Today I feel like I am trapped under an elephant, and I am doing anything I can just to keep breathing. It is like a constant pressure that I am feeling on my chest. I just checked, and there is an elephant sitting on me. I named him Jim.
However large he might be I don’t think Jim is my only issue. I am feeling a lot of other things that are causing me discomfort, and I will name those issues “Stress”. I have to say at this point I much prefer Jim to “Stress”.
I am not going to go into the reasons why me and “Stress” are hanging out, because I think that that will be a pointless exercise. I am not one of those people who complain. (Ouch- I was just struck by lightning. Are you okay Jim? Now Jim and “Stress” are hanging. I don’t think a stressed elephant who is sitting on you is a good thing.) Let’s just say I have a lot of my mind, and I wish that I didn’t. I have a lot to deal with, and I wish that I didn’t. I want to go back to simpler times; you know when the only time I saw an elephant was at a zoo.

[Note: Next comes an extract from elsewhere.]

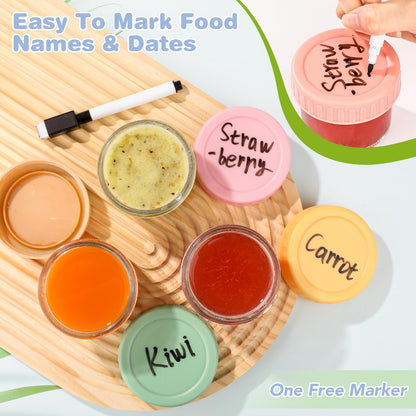 RowinsyDD 8 Pack Glass Baby Food Storage Containers, 4 oz Leakproof Baby Food Jars with Lids, Small Glass Food Containers for Infant Baby, Freezer Safe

You know what really ticks me off? It is when people say that they are having a “panic-attack”. If you happen to suffer from panic attacks then who am I to judge, but I would rather say I have an elephant named Jim hanging out with me than run around having panic attacks. Not only will I be stressed, but people will think I am crazy. Oh, and guess what? I will have an excuse to go to Costco and buy a lot of peanuts.